Llegado el atardecer y ya casi sin luz, los mosquitos eran insoportables, cubriendo nuestros brazos y rostro sin importarles los repelentes. Decidimos retirarnos y dejar la pesca para el día siguiente, habíamos tenido doce horas de viaje, nueve de pesca intensiva y teníamos que salir de pesca a las cinco de la mañana. Navegamos tres horas más río arriba y de noche, nos informaron de que el barco grande con camarotes en el que dormiríamos, estaba amarrado en brasil, así que pasaríamos la noche de ilegales en brasil, durmiendo en un barco, todo cojonudo, menuda aventura.
De camino al barco hicimos una parada técnica, los focos de la lancha se reflejaron en dos ojos brillantes en la orilla. Después de insistir al guía, nos acercamos a intentar fotografiar al yacaré sin saber el tamaño, yo ya estaba en la pomada, así que todo me daba igual.
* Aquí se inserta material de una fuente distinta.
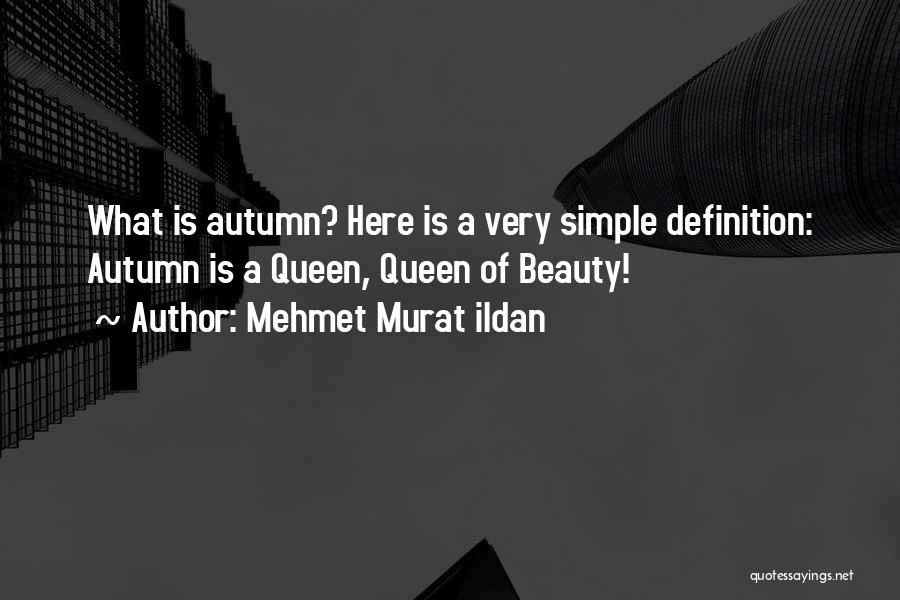 Definition Of Beauty Quotes By Mehmet Murat Ildan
Se trataba de un pequeño yacaré de un metro, lo agarramos y me fotografié con él previo cabreo de mi mujer, pues mis manos corrían peligro, pero dudo que más que con las pirañas de 1,5kg, así que me hice la foto y lo devolví a las aguas mientras Andrea enfocaba con la linterna los ojos de la madre, que se encontraba flotando a tan solo veinte metros y tendría no menos de dos metros.
Terminamos aquella jornada en el barco, cenando yacaré que nos prepararon los lugareños de uno que habían cazado dos días antes, era todo un manjar sin hacerle competencia al surubí y manguruyú en taquitos que nos sirvieron junto a una sopa de piraña.
Nos quedaban cinco horas de sueño para salir nuevamente de pesca y al día siguiente nos prometían mejores zonas y mejores peces, así que nos acostamos para estar listos para otro gran día de pesca.